Web Design and Development Lead Filter is a Python tool designed to filter leads for web design and development companies. It helps lead generation teams quickly identify companies offering these services by scanning their websites for relevant keywords. The program processes a list of companies, checks their websites for specific terms, and determines whether they are web design or development-focused.
- Extracts and scans HTML content from company websites.
- Identifies relevant keywords related to web design and development.
- Supports multithreaded processing for faster lead filtering.
- Outputs results to a CSV file, showing whether each company is a lead based on the given criteria.
This project is released under the MIT License, allowing free usage, modification, and distribution. Commercial use is allowed, but permission must be sought for such cases.

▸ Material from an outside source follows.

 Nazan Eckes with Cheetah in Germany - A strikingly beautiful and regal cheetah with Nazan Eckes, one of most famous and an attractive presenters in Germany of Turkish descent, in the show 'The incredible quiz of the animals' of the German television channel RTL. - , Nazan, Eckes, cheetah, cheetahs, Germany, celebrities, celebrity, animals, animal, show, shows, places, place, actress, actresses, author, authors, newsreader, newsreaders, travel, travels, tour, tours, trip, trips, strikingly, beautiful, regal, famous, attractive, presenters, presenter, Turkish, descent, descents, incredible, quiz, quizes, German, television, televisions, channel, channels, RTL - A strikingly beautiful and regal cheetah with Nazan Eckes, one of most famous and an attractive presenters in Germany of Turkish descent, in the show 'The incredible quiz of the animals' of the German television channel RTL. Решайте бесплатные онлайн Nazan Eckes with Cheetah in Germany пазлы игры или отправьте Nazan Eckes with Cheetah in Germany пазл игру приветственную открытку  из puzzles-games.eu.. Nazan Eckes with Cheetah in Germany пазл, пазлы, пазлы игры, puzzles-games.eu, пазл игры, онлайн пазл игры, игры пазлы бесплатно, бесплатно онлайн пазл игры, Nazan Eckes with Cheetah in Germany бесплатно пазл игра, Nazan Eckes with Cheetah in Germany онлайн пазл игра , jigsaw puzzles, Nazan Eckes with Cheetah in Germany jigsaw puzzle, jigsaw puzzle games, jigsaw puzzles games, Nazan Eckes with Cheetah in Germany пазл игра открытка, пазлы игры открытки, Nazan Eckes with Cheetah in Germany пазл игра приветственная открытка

For more information, please contact me at basilbenny1002@gmail.com.
The input file should be a CSV with the following columns:
- BusinessName: The company’s name.
- WebsiteURL: The URL of the company’s website.
Example input CSV (input.csv):
| BusinessName | WebsiteURL |
|---|---|
| Example Company | https://example.com |
| Web Design Co | https://webdesignco.com |
| Web Development Inc | https://webdevinc.com |
Note: The names of the input and output files can be edited directly in the code.
Follow these steps to set up and run the program:
-
Clone this repository:
git clone https://github.com/basilbenny1002/Web-Design-And-Development-Lead-Filter.git -
Navigate to the project folder:
cd Web-Design-And-Development-Lead-Filter -
Install required dependencies:
pip install -r requirements.txtThis will install libraries like
cloudscraper,spaCy, and other necessary packages. -
Download the spaCy language model (only needed if you're using the word similarity feature):
python -m spacy download en_core_web_smYou can choose from the following spaCy models:
- Small model:
en_core_web_sm - Medium model:
en_core_web_md - Large model:
en_core_web_lg
- Small model:
-
Prepare your input CSV file as mentioned above and place it in the root folder of the project.
-
Run the program:
python main.py -
Output: The program will generate an output CSV file with the following columns:
- Company Name: The business name.
- Website URL: The URL of the business website.
- Keywords: The relevant keywords found on the website.
- Chosen: A flag indicating whether the company was chosen based on its web design or development services:
- Yes: The company meets the criteria.
- No: The company does not meet the criteria.
- Unsure: The program couldn’t determine based on the keywords.
I created this project while freelancing for a lead generation company. My role involved cleaning up leads to identify web design and development companies. The process was manual and inefficient, so I developed this program to automate the task and make the process faster and more accurate.
This is now version 5 of the tool, which has improved over time to handle issues like scraping websites protected by Cloudflare. I’ve learned a lot about web scraping, Python, and data processing during this journey.